## What the exercise asks
Using the data that follows, return exactly the lines from the one that contains "intestine (S. haematobium to" through the one that contains "Drinking/feeding Bowl", ends included.

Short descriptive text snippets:
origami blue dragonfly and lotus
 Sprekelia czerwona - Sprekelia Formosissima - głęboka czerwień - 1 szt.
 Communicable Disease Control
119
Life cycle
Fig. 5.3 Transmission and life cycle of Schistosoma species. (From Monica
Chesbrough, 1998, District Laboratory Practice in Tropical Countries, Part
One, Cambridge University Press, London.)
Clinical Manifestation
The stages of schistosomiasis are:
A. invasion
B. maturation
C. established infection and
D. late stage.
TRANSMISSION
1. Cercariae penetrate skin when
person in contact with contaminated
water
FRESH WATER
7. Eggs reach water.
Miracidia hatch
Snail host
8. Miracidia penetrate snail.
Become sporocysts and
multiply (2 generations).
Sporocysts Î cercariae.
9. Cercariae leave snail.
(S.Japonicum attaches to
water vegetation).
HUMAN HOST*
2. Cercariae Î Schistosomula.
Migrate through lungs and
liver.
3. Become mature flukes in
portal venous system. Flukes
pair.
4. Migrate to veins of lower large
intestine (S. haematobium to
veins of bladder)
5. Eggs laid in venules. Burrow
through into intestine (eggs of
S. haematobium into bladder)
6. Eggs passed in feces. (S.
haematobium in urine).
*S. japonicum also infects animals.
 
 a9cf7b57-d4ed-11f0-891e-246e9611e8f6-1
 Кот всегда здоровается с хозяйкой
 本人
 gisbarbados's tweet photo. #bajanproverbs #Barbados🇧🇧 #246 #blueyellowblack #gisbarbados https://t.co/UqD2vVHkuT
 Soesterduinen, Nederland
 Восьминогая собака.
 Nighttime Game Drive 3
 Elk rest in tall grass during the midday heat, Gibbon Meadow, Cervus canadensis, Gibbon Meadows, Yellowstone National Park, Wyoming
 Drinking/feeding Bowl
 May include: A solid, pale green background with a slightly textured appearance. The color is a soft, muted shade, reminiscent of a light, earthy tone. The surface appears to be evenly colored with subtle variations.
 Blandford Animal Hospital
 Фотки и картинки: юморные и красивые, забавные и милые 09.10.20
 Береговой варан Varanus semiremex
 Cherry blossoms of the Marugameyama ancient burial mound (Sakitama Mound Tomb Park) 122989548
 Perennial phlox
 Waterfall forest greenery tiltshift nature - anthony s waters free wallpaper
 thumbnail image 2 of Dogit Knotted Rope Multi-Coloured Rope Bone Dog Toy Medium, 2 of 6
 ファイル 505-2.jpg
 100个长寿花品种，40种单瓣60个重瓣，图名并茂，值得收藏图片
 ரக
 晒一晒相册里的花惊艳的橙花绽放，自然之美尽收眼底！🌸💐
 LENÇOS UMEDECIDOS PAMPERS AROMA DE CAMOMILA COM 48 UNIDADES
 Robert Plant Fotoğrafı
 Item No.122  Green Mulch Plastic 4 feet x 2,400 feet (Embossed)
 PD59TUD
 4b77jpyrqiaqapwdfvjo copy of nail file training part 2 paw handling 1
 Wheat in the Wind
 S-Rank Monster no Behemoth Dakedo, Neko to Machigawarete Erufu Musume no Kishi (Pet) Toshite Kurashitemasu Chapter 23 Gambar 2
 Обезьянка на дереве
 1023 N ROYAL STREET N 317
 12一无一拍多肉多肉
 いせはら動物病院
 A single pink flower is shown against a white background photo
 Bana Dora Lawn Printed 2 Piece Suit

## Answer space
intestine (S. haematobium to
veins of bladder)
5. Eggs laid in venules. Burrow
through into intestine (eggs of
S. haematobium into bladder)
6. Eggs passed in feces. (S.
haematobium in urine).
*S. japonicum also infects animals.
 
 a9cf7b57-d4ed-11f0-891e-246e9611e8f6-1
 Кот всегда здоровается с хозяйкой
 本人
 gisbarbados's tweet photo. #bajanproverbs #Barbados🇧🇧 #246 #blueyellowblack #gisbarbados https://t.co/UqD2vVHkuT
 Soesterduinen, Nederland
 Восьминогая собака.
 Nighttime Game Drive 3
 Elk rest in tall grass during the midday heat, Gibbon Meadow, Cervus canadensis, Gibbon Meadows, Yellowstone National Park, Wyoming
 Drinking/feeding Bowl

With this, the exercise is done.